There are situations where Level 1 casing reaming could save up to 50 percent of the time or more.
In the BHA
Reamer shoeTo be able to ream casing down, you must plan to use a proper reamer shoe. Fixed on Casing or Liner strings, it is designed according to your application needs, and to minimize ECD and maximize Flow-By.
The reamer shoe has a cutting/reaming structure that re-establishes the hole size. The dynamically directed flow ports overcome difficulties when running casing and ensure effective hole cleaning.
Being easy to drill through, and part of your shoe track, the reamer shoe is mostly equipped with high strength profiled alloy front (“the nose”) drillable with standard PDC or Rollercone bits. The exact nature of the well section determines which style of shoe is most appropriate, and similarly, the choice of cutting structure depends on the type of obstructions likely to be encountered.
Some reamer shoes are able to cut and drill thru formations as well (HD versions), so running parameters and aggressiveness of the ream shoe should be proper planned and optimized.
Example of reamer shoe: Pen-O-Trator (DHP)
CentralizersDepending on well sections and applications, you need to plan the most suitable centralizers for your reaming job.
A casing centralizer well secured around the joint will keep the casing from contacting the wellbore walls and prevent differential sticking. Casing centralization is also one of the key elements in generating a quality cementing job by preventing poor areal isolation.
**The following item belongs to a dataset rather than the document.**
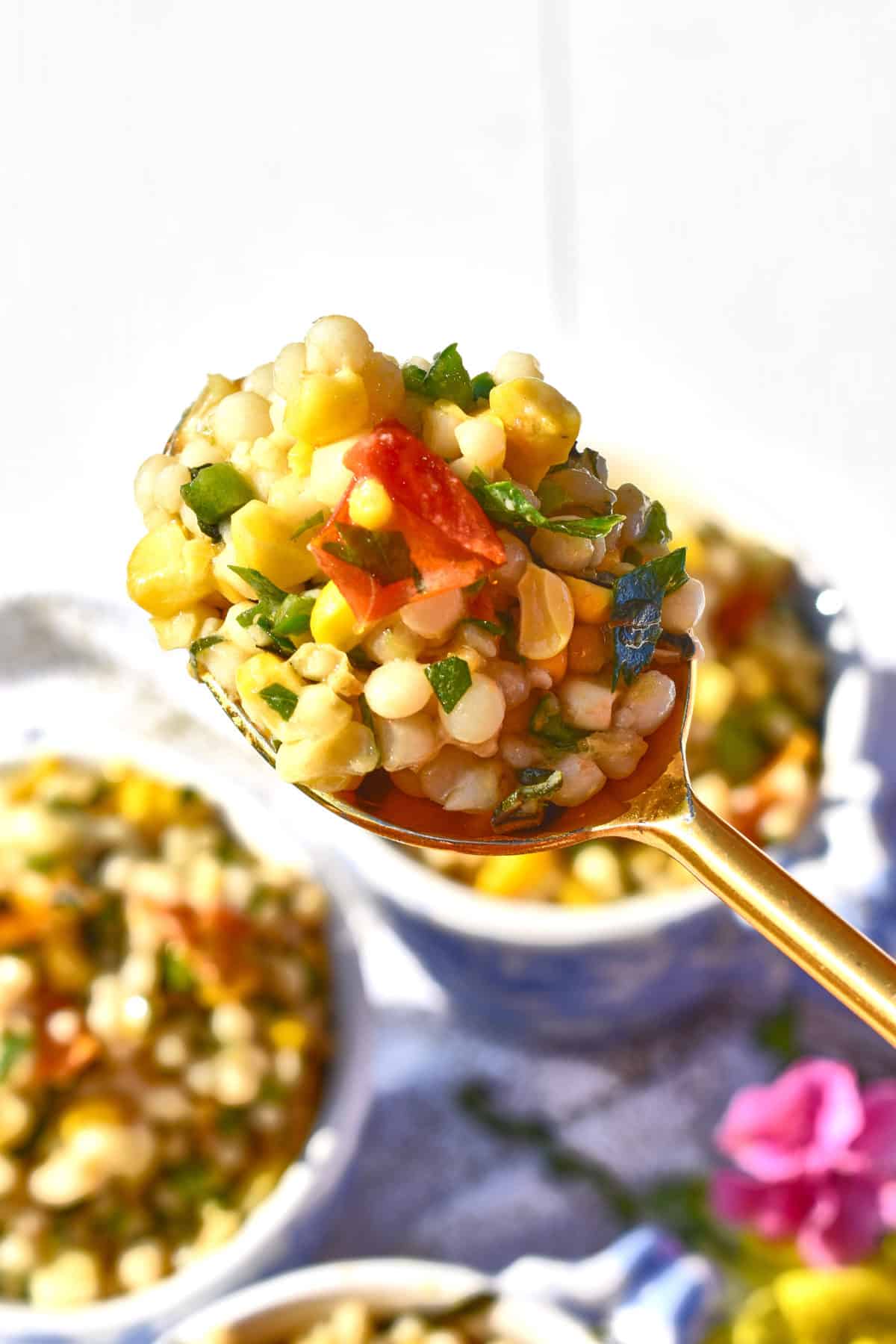 a spoonful of Warm Roasted Tomato, Corn, And Pepper Israeli Couscous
Term of standoff is related to casing centralization and represents the extent to which the casing string is centered. When the casing is perfectly centered in the wellbore, the standoff is 100%. 0% standoff means your casing touches the wellbore. The goal is always to provide a positive standoff with a maximum torque&drag reduction and maximum flow-by.
On the surface
The most important equipment on the surface is, without any doubt, the OWS CRTi/e tools designed for casing running, reaming or drilling with top drive equipped rigs. It enables connection make up, break out, circulation and rotation and assists in getting your casing to TD the first time, reducing non-productive time and associated costs.
Casing reaming needs to be taken into consideration in the planning phase of the project. Through torque and drag analysis in the planning stage, well engineers have to assess if the casing connection is able to withstand the combined mechanical stresses induced by reaming down the casing.
If heavy reaming is expected, fatigue analysis of the connection will have to be performed using fatigue performance data from the casing supplier.
API casing connections are limited when casing reaming is required, and most of the applications will probably require premium connections.
Cut casing running costs
For low to high angled sections, when reaming is expected, a CRTi system and a Ream Shoe is highly recommended to be in place. The extra costs of the ‘reaming equipment’ is low compared to the risk (real costs...) of not reaching planned TD or jeopardizing the integrity of your wellbore.
A fresh example from an onshore rig in South-Eastern Europe illustrates the economical aspects:
With a rig cost at 1500 €/hour, the client was trying to reach TD conventionally for many hours without succeeding. The operator washed down casing (‘reaming’ with a standard float shoe…) for more than 26 hours, and the shoe was finally set 30 meters higher than planned final TD.
On the next well in the same cluster, with similar section TD and geological setup, the operator spent 6000€ extra on a ream shoe, and accessed OWS CRTi system.
This simple solution brought them savings of more than 30k€, and section was "closed" at the planned TD, followed by a successful cementing job.